I think I broke my ash tray shortly after buying my car. I pulled on it until it came out then it wouldn't stay back in. I realized then that you are probably supposed to push and release so it slides out. I took my car in for service for multiple things and they said this wasn't covered. when I got the car back it was in, but now it slides out over time as I drive. so it still isn't fixed.

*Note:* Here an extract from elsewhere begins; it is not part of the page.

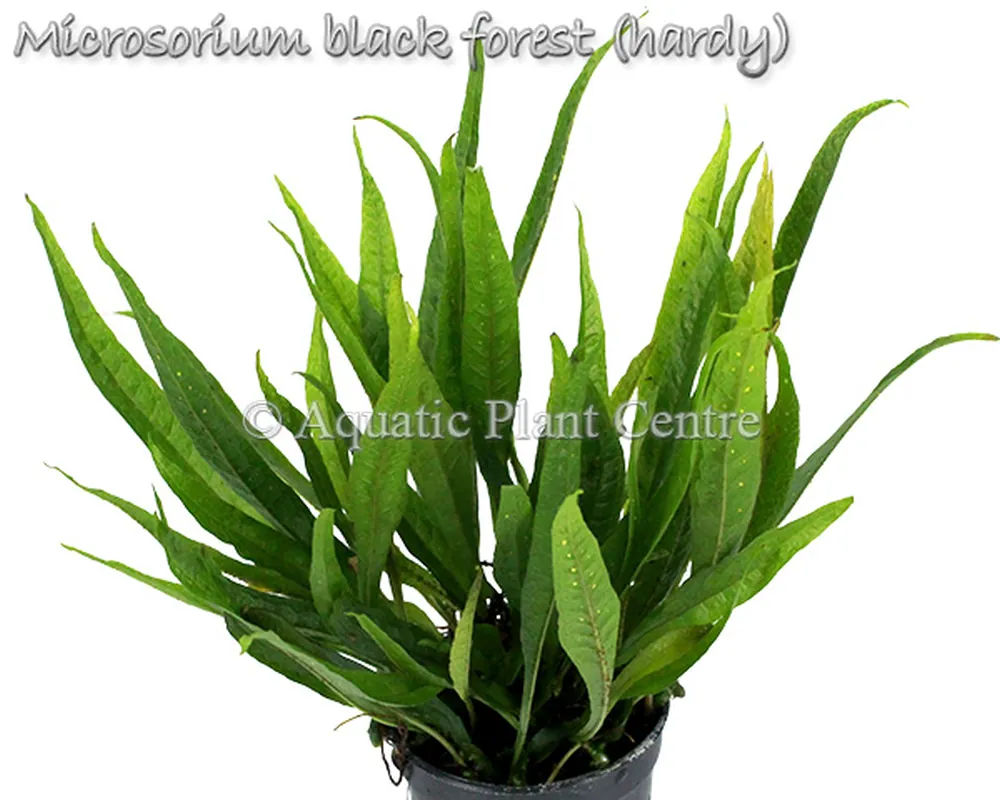 Microsorium black forest (hardy).jpg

am i right that it is designed to be pushed so it then slides out? I have a feeling I will have to tear into the dash to fix this..


----------



## MikeTheDiabetic (Mar 16, 2010)

not sure how to fix your problem but if you get another one let me know where you got it cause i am in desperate need of one


----------



## Rukee (Feb 8, 2007)

Duct tape!


----------



## phantom0670 (Oct 15, 2009)

MikeTheDiabetic said:


> not sure how to fix your problem but if you get another one let me know where you got it cause i am in desperate need of one


I was figuring on just finding one out of a car being parted out if I do get one. I'm just guessing, but its probably $100 and takes 2 months to get new from Australia.



Rukee said:


> Duct tape!


In my camaro I probably would have done something like that..maybe electrical tape though :willy:, but I was trying to keep this car nice for a while :cool

My big question though is does it just slide out or do you push it then pull it out?


----------



## aarons1k (May 23, 2008)

I have a extra storage compartment and yes it slides there is a track on the inside of it that has teeth and that is how it hold its self in ....


----------



## Lautinjr (Mar 27, 2010)

phantom0670 said:


> I think I broke my ash tray shortly after buying my car. I pulled on it until it came out then it wouldn't stay back in. I realized then that you are probably supposed to push and release so it slides out. I took my car in for service for multiple things and they said this wasn't covered. when I got the car back it was in, but now it slides out over time as I drive. so it still isn't fixed.
> 
> am i right that it is designed to be pushed so it then slides out? I have a feeling I will have to tear into the dash to fix this..


Yes you push it and it springs out.


----------